Additional U.S. Voting Policy Updates
- Common stock/preferred stock authorization. ISS has modified its voting policy related to capital stock authorizations to remove specific ratios applicable to companies in the bottom 10% of total share return performance, and will apply the same dilution limits to those companies as apply to other companies. In addition, ISS has clarified that it will recommend against proposed increases in authorized shares of common stock if the company has unilaterally adopted a poison pill of any length. Under the current policy, ISS reviewed the use of capital for the last three years, which disregarded companies that had outstanding, longer term, non-shareholder approved pills (e.g., five- or 10-year pills).

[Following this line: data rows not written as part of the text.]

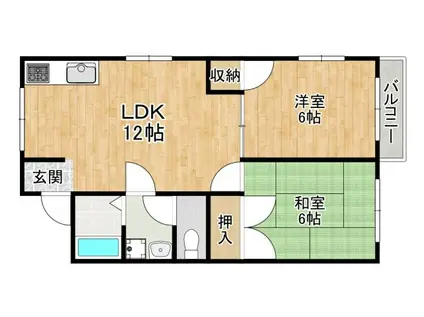 桜ヶ丘パークハイツ(2LDK/2階)の間取り写真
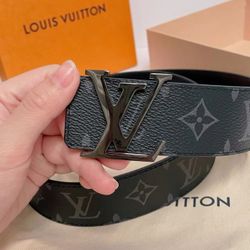 Men's LV Belt - Silver Gray Width 4cm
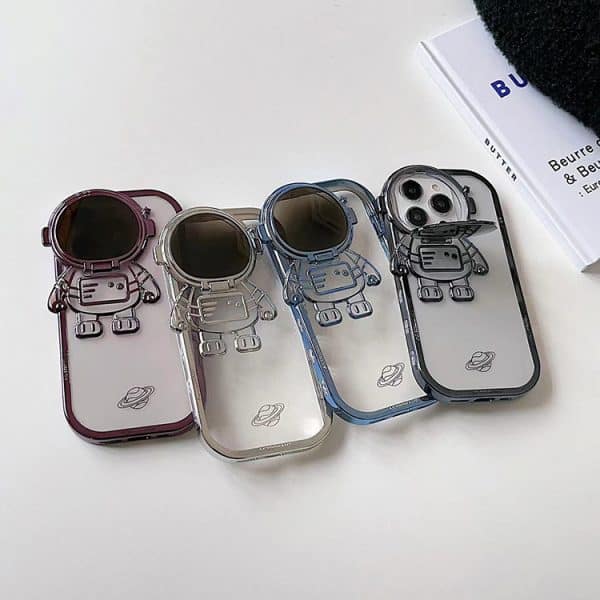 New Mobile Phone Accessories Case Bling Transparent Cover Bracket Holder For iPhone Cute 6D Astronaut Plating Phone Case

- Equity-based and other incentive plans; three-year burn rate. ISS has made certain changes to its adjusted burn rate calculations (utilized in equity plan score card evaluations). For meetings starting February 1, 2023, ISS will move from the multiplier-based adjusted burn rate method to a “Value-Adjusted Burn Rate” calculation based on the actual stock price for full-value awards and the Black-Scholes value for stock options for better valuation of recently granted equity awards.
- Pandemic-related compensation policies. ISS has also updated its FAQs on U.S. compensation policies related to the COVID-19 pandemic. Key updates include the following:
- Because many investors believe that in 2021 boards were in a position to return to traditional pre-pandemic annual incentive program structures, as in pre-pandemic years, ISS will view negatively mid-year changes to metrics, performance targets and/or measurement periods, or programs that heavily emphasize discretionary or subjective criteria, with particular focus on companies that exhibit a quantitative pay-for-performance misalignment. However, ISS may view as reasonable lower pre-set performance targets (as compared to 2020) and/or modest year-over-year increases in the weighting of subjective or discretionary factors for companies that continued to incur severe economic impacts and uncertainties as a result of the pandemic in 2021.
- For companies that make mid-year program adjustments, companies are encouraged to disclose their reasons as to why such actions were necessary, although such disclosures will not necessarily mitigate concerns regarding mid-year program adjustments. For forward-looking disclosure of pay program changes beyond the year in review, for companies that made changes to pay programs that would normally be viewed as concerning from a pay-for-performance standpoint, clear and detailed forward-looking disclosure of the company’s intention to return to a strongly performance-based incentive program going forward may be viewed as a mitigating factor. ISS will consider the level of detail provided in the proxy statement and the extent to which the disclosed changes are meaningfully positive.
 In addition to the updated U.S. voting policies, ISS also issued updates to its policies for other Americas and global regions. For all these updates, see the ISS website. Also note that Glass Lewis earlier issued its policy updates. For our alert on this development, see here.
 ISS notes that “detailed disclosure” might be made according to the framework established by the Task Force on Climate-related Financial Disclosures (“TCFD”), including (i) board governance measures, (ii) corporate strategy, (iii) risk management and analyses and (iv) metrics and targets.
 “Appropriate GHG emissions reduction targets” are broadly defined as “any well-defined GHG reduction targets.”
 Variations of these types of management proposals include climate transition-related ambitions and a commitment to reporting on the implementation of a climate plan.